### [EXERCISE GOAL]
From the line with "Tafel B. Hebe-Vorrichtungen." to the final line of the data below, please write out every line exactly, with no pictures.

===== SOURCE MATERIAL =====

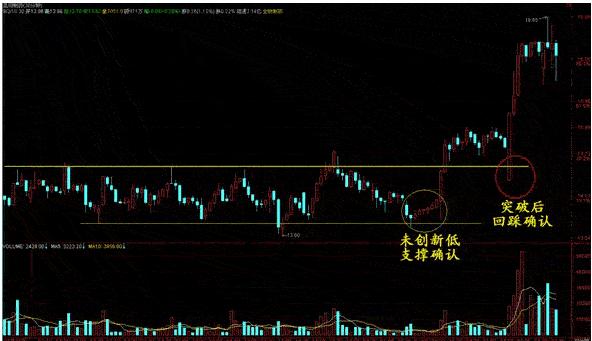 一位老股民坚持18年只买这种形态的股票，一买就涨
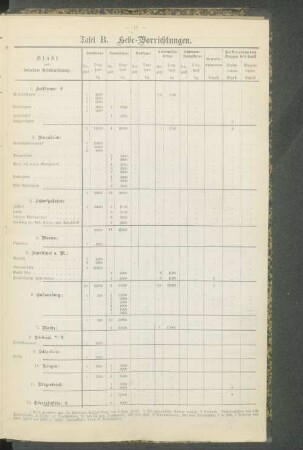 Tafel B. Hebe-Vorrichtungen.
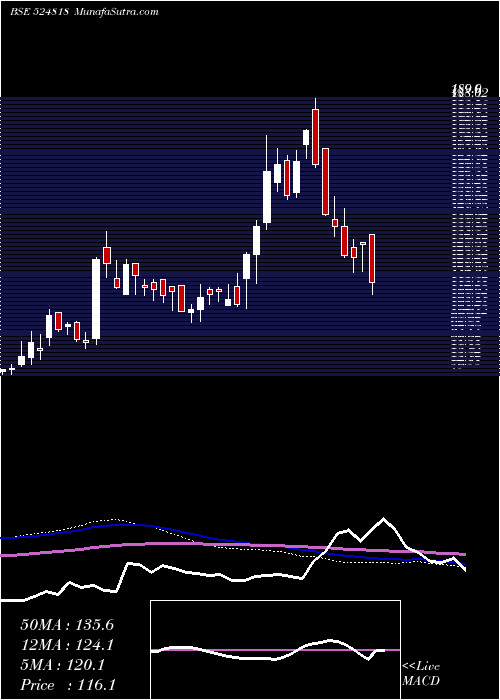  weekly chart DynamicInd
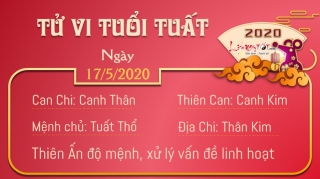 tu vi 12 con giap tu vi ngay 17052020 tuoi tuat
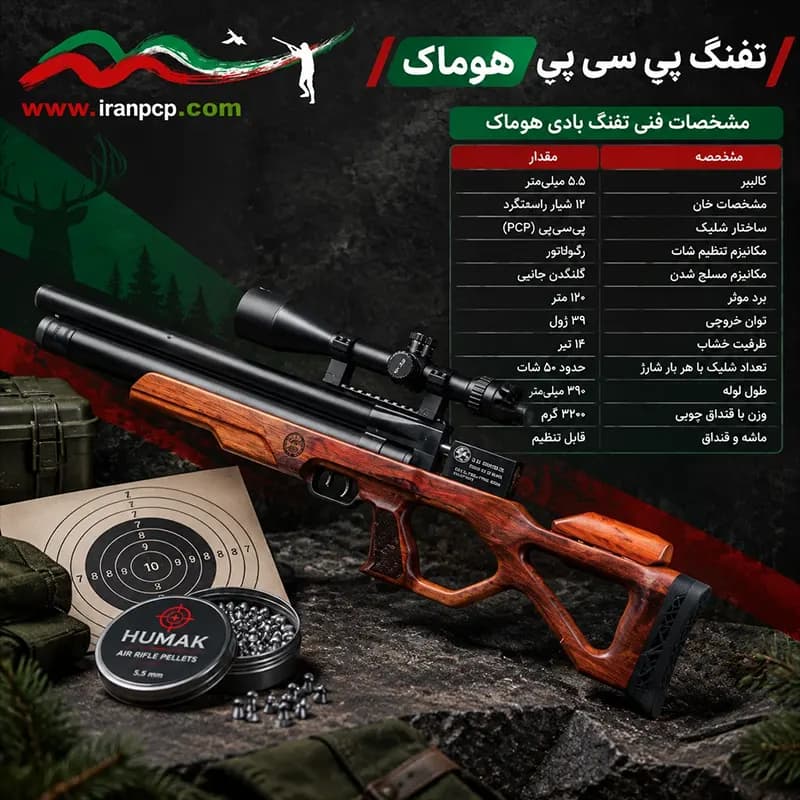 تفنگ پی سی پی هوماک — تصویر ۴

=====

### [RESULT]
 Tafel B. Hebe-Vorrichtungen.
  weekly chart DynamicInd
 tu vi 12 con giap tu vi ngay 17052020 tuoi tuat
 تفنگ پی سی پی هوماک — تصویر ۴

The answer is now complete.